We use figure to illustrate all those ops with similar style as in MPI tutorials blog. In the figure, we use circle to represent one process, which is exchangeablely called node, agent, host, etc. under some circumstance, and use green and red square to represent the data or tensor while orange square for one machine. The number inside of circle is the rank of that process and th number inside of square is the value of data. If you need more background information about MPI, we recommend this nice tutorial.
Collective Ops¶
These three broadcast
, allreduce
, allgather
ops are most basic collective MPI ops.
The bluefog implementation is almost exactly the same as the MPI definition. One small difference
is allreduce only support average and summation since bluefog focused on the numerical calculation only.
allgather¶
allreduce¶
broadcast¶
Neighbor Colletive Ops¶
Similar to their collective ops cousins, the behavior of neighbor collective ops is very similar, except that their behavior is determined by the virtual topology as well. Loosenly speaking, allreduce and allgather are the same as running the neighbor_allreduce and neighbor_allgather over fully connected network. In the figure, we use the arrowed line to represent the connection of virtual topology (notice it is the directed graph.)
neighbor_allgather¶
neighbor_allreduce¶
Note
In the figure, we only show the neighbor_allreduce with average with uniform weight. Actually, our API allows for any weights for incoming edges. Check out API doc to see how to use it.
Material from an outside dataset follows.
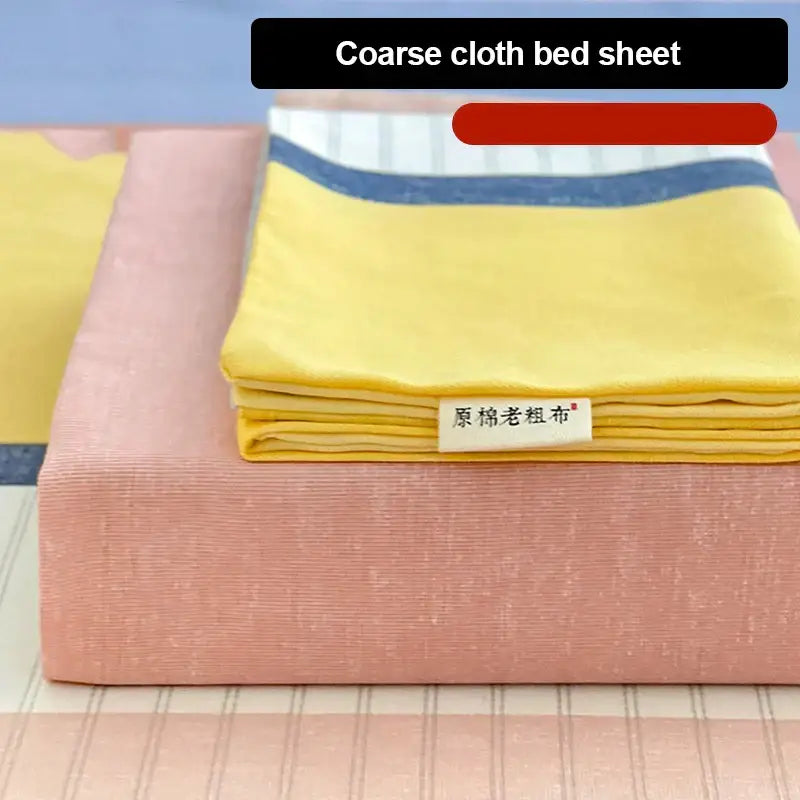Yellow coarse cloth bed sheet with blue stripe in peach and cream geometric bed sheet set with textured bedspread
Hierarchical Collective Ops¶
In practice, the communication speed and behavior is different between intra-machine and inter-machine communcation. Hence, we also provided two hierarchical collective ops. The basic unit in this case is each (physical) machine. Hence, unlike previous neighbor collective ops, of which the topology is defined over the connection between ranks/processes, the topology of hierarchical collective ops is defined over the connection between machines.
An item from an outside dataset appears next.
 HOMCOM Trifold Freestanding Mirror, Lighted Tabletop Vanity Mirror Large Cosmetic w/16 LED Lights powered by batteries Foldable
hierarchical_local_allreduce¶
Because it is (machine) local operation, the topology definition will not impact this operation. Hence, the rank 0 and rank 1 simply applied the local allreduce average to get (8+4)/2 = 6. Other ranks is like-wise.
hierarchical_neighbor_allreduce¶
Similar to the hierarchical_local_allreduce operation, it first applied the local allreduce average within the machine. So that in the view of external machines, all processes within same machine forms a super node. Then, the super node exchange the information with their neighbor machines like neighbor_allreduce. For example, machine 0, 2, and 3 first formed a local average value 6, 3, and 3 respectively. Then, a machine-wise neighbor allreduce produce (6+3+3)/3 = 4.
In order to minimize the cross machines communcation, the real implementation is four steps actually: 1. Local Average. 2. All local rank 0 processes do the neihbor_allreduce. 3. local rank 0 processes broadcast the received tensors to other local ranks. 4. Compute the average of received neighbor tensors within the process.
Warning
hierarchical_neighbor_allreduce should be used under the homogeneous environment only, i.e., each machine owns same number of the local processes.
One-sided Communication Ops¶
One-sided communication ops is introduced after MPI-2. The most notable feature of one-sided communication is indicated by the name that allows the communication ops of one process to be decoupled from the behavior of another process. Bluefog heavily relies on this feature to build the asynchronous algorithm. Except the win_create and win_free are the collective ops, all rest ops only need to be called by one process. Here is a nice introduction for the MPI one-sided communication ops. As mentioned before, please note the usage and definition of Bluefog is slightly different from MPI standard.
win_create¶
Win create is always the first step to use the one-sided communication. After this call, each process will allocate the number of incoming neighbor’s windows as buffer, which is illustrated in the figure as red square. Each buffer is dedicated to one neighbor. You don’t need to know which one is dedicated to which neighbor because these buffers are invisible to the python frontend. The only way to interact with them is through the win_update.
win_free¶
Note
In the following figures, we only show the behavior of win_put/get/accumulate/sync to all neighbors with no weights. Actually, you are allowed to customize which neighbor to send/receive and assign any weight on tensor. Please check our API doc to see how to use it.
win_put¶
Win_put is one of three main methods to exchange the information between the processes in window. By default, it will put its own tensor value into all outgoing neighbor’s buffer. Note it doesn’t need the receiver to do anything.
win_get¶
Win_get is one of three main methods to exchange the information between the processes in window. By default, it will get (fetch) the incoming neighbor’s local value into the its own buffer. Note it doesn’t need the sender to do anything.
win_accumulate¶
Win_accumulate is one of three main methods to exchange the information between the processes in window. By default, it will accumulate its own tensor value into all outgoing neighbor’s buffer, i.e. sum up. Note it doesn’t need the receiver to do anything.
win_update¶
win_update is the bridge to connect the value of buffers (corresponding to the neighbor value) with the local value. It has two functionalities. One is to update the buffer to make sure that the neighbor value, which may be changed through win_put, win_get, and/or win_accumulate, is synchronized and visible to local memory. Another is it updates the local value to the average of self and neighbor’s value.